Hank was outside my window pretty quickly, since he could throw everything he cared about into a pillowcase and slide out his window in about a minute. It took me a few more minutes to get my laptop properly wrapped.

We slipped into the forest.

We knew the path by heart in the light, but moonlight? Hank chuckled, and pointed out that he’d put quartz rocks into the sides of the path months ago. Under a full moon, they gleamed like glow-in-the-dark pebbles. He said it was a Roman thing, to put them between cobbles. He knew all kinds of weird facts like that.

We heard ugly noises behind us, so we hurried. I wasn’t sure what was chasing us, but I knew it meant us harm.

Granny was waiting. “Hurry in, kids, I’ll deal with her.” What? I opened my mouth to ask, but Hank grabbed my arm and sprinted. “You were right, Granny, she’s trying to kill us both!”

What conversation did I miss?

Granny was dressed all in red, with this odd cape thing hiding her shape. But the scope-sighted rifle she pulled out was unmistakable, and she grinned. “Lead bullets. And a few silver ones, too. When stories converge, it gets a bit messy.”

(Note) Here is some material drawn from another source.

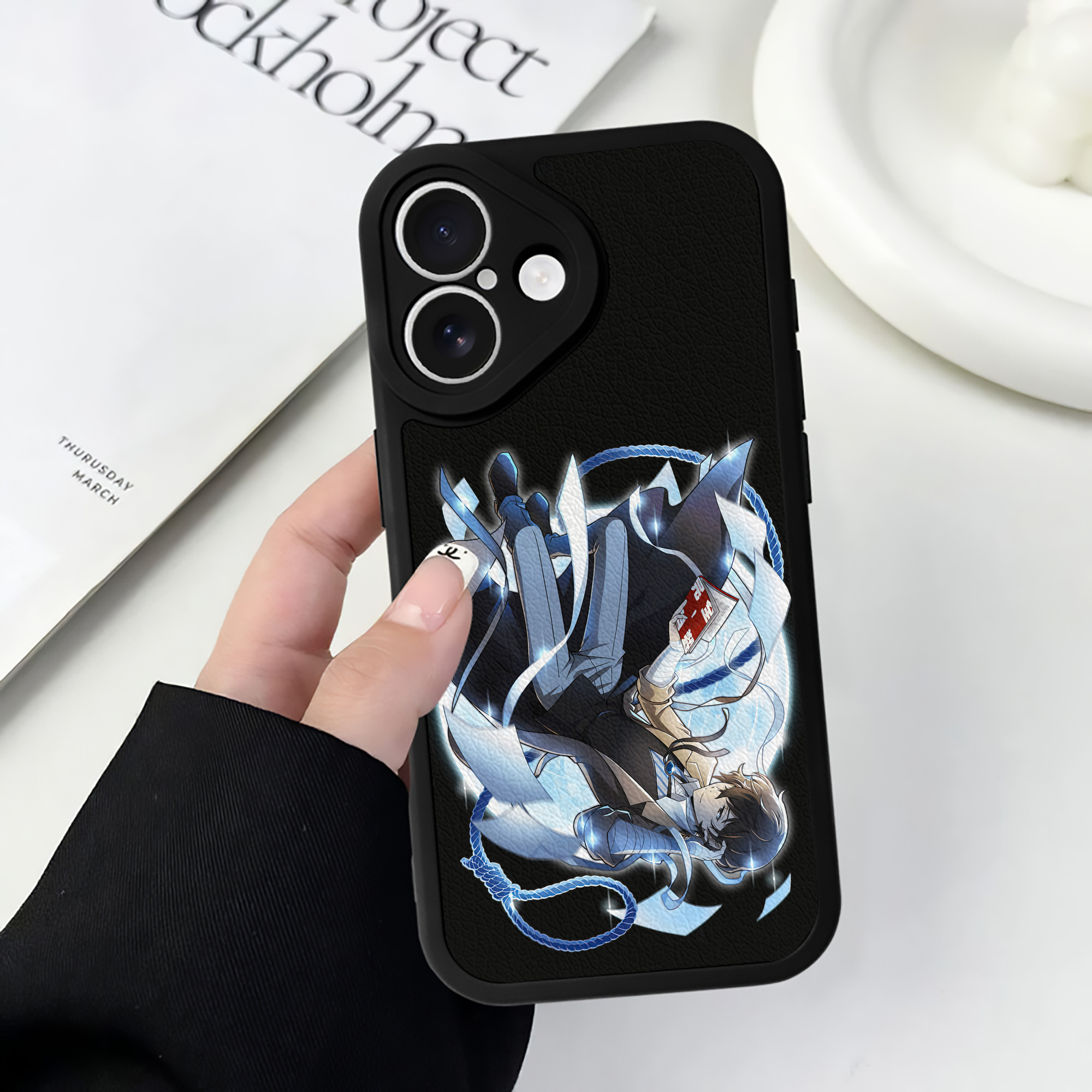 （画像用） 文豪ストレイドッグス Bungo Stray Dogs 【iPhone 16シリーズ対応】シリコンスマホケース（レザー調） 材質：シリコン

I was very confused, but she shoved us inside, behind her, and swept the rifle up to a perfect position on her shoulder. Even with the firelight, and there was a lot of it, behind her, she sighted perfectly like backlit people shouldn’t be able to. And BAM BAM BAM, and a heavy THUD at the edge of the half circle of light on the lawn, and a hairy wolflike monster fell dead.

It had our stepmother’s face.

My brain froze. Hank help me stay upright. “I thought you knew the fairy tales, sis. But I thought Granny was Cinderella, not Red Riding Hood.”

“I was, until we somehow crossed with Hansel and Gretel. I wasn’t thrilled about the paradigm shift, but now? Well, I’ve been prepping for that harpy for a while. You threw me with the fashion, like you were trying to get back to the original story line.”

“I’m gay, Granny. I have to make my own fairy tales, use real fairy. If I could save my sister from the bad parts of a story, then I could go find my handsome prince.”

“Or let him find you, kiddo. Now, where’s your asshole father?”

The woods were silent.

Until, in the distance, I could hear some heavy breathing, and scraping.

Granny snorted. “Here we go again. Story shift. Margrette, dear, be a love and stuff your face with those garlic springerle cookies on the baking rack? You too, Hank. I’ve had quite a few myself. And had me that case on the table? Time for the wooden bullets, I think.”

My brain tried to catch up. “Dad’s a… vampire?”

“He wasn’t, once. He was the handsome prince, come to sweep my daughter off her feet. But Happily Ever After is such a slippery concept, and one person’s happy is another person’s trap. He wasn’t happy unless he was cutting other people down, and finally my daughter had had enough. He went from emotional vampire to actual vampire, and drained her of everything. Had been fornicating with that werewolf trollop for a while, thought he could take my grandkids from me! Well, I’m not the villain in any of these stories, no matter how hard he tried to twist it that way. Now, let’s see what I can do…”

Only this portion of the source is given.